[Collected data]
+ + +

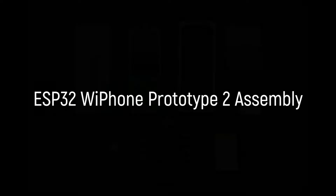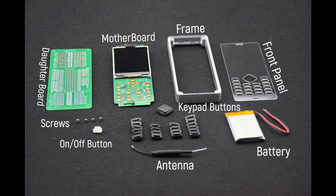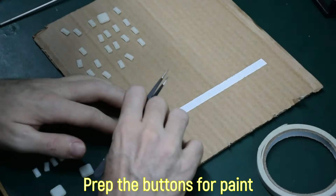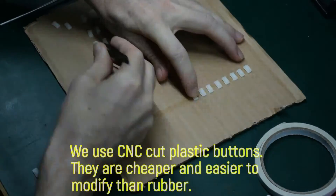Hey everybody, this video shows the assembly process for the second Wi-Phone prototype. The Wi-Phone is a phone that has no cellular radio inside. It works purely through Wi-Fi. It's also meant to be an open platform, which means if you want to change it, you can. This video shows the assembly process only. For more details about what the Wi-Phone is, please check out our website or stay tuned for future videos.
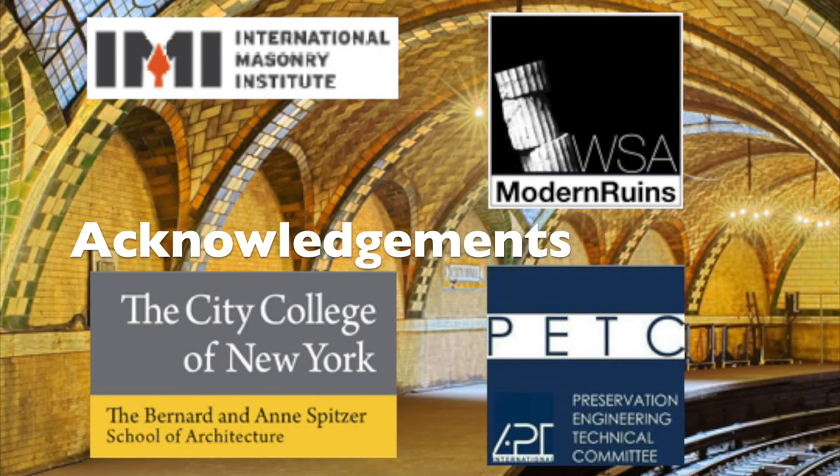Finally, the team would like to acknowledge the generous support from the International Masonry Institute, WSA Modern Ruins, the City College of New York, Spitzer School of Architecture, and the Association for Preservation Technology. Thank you.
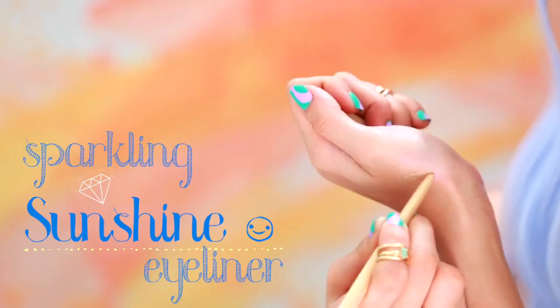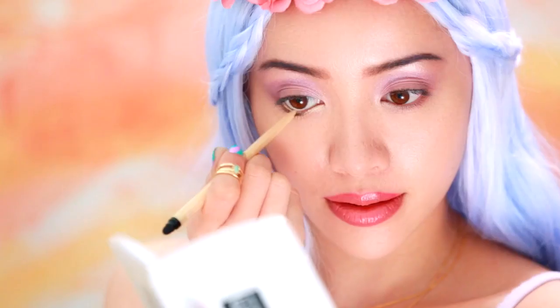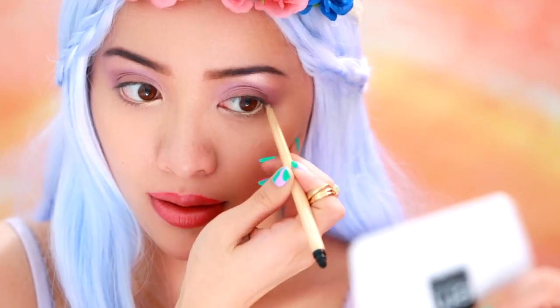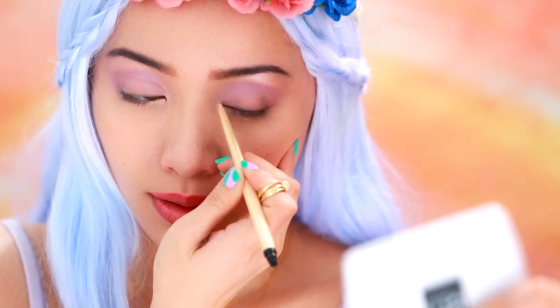To open up your eyes for that summery look, use a sunshine yellow eyeliner on the bottom waterline. Notice how much brighter the eyes look? Your eyes will definitely stand out in pictures.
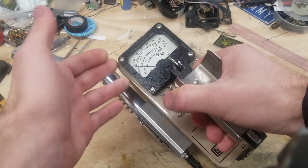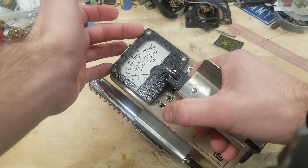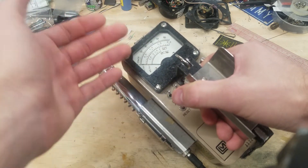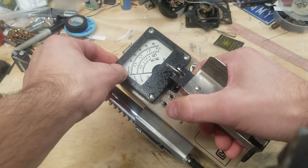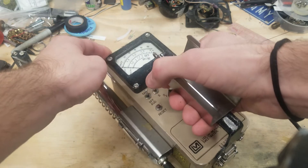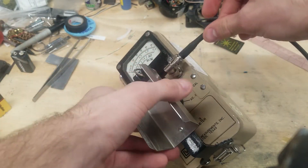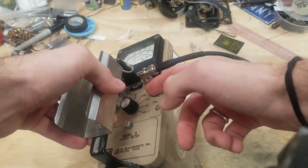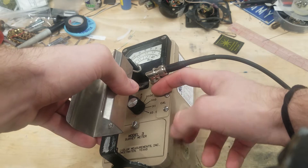It usually incorporates a multi-use scale with usually a higher range and a few dose ranges. Now this isn't always the case — some of them include just a count per minute scale or just a dose scale. The Model 3s also incorporate an extra range. Most Model 2s will only go to x10, while most Model 3s will go to x100.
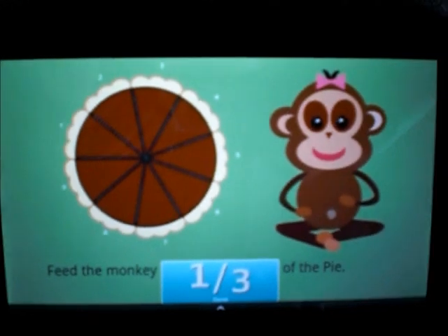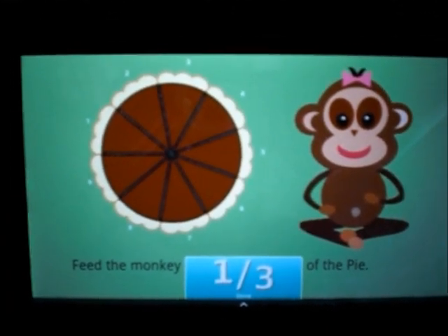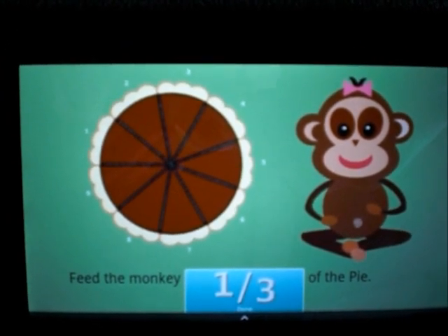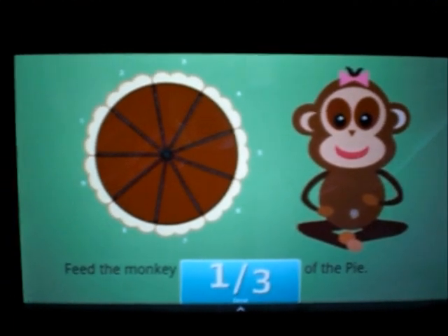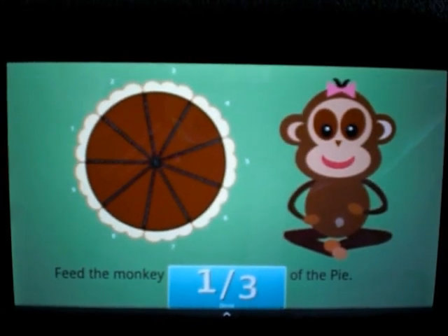Very good. Alright, so this one is you feed the monkey one-third of the pie — that's one out of every three pieces of the pie. So if this pie has nine pieces, how many pieces is that? Three. Alright, go ahead.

+ + +

Using the records above, extract exactly and only the lines from the one with "Finally, the team" through the final line, inclusive, leaving out pictures.

COMPLETED EXERCISE ::
Finally, the team would like to acknowledge the generous support from the International Masonry Institute, WSA Modern Ruins, the City College of New York, Spitzer School of Architecture, and the Association for Preservation Technology. Thank you.
To open up your eyes for that summery look, use a sunshine yellow eyeliner on the bottom waterline. Notice how much brighter the eyes look? Your eyes will definitely stand out in pictures.
It usually incorporates a multi-use scale with usually a higher range and a few dose ranges. Now this isn't always the case — some of them include just a count per minute scale or just a dose scale. The Model 3s also incorporate an extra range. Most Model 2s will only go to x10, while most Model 3s will go to x100.
Very good. Alright, so this one is you feed the monkey one-third of the pie — that's one out of every three pieces of the pie. So if this pie has nine pieces, how many pieces is that? Three. Alright, go ahead.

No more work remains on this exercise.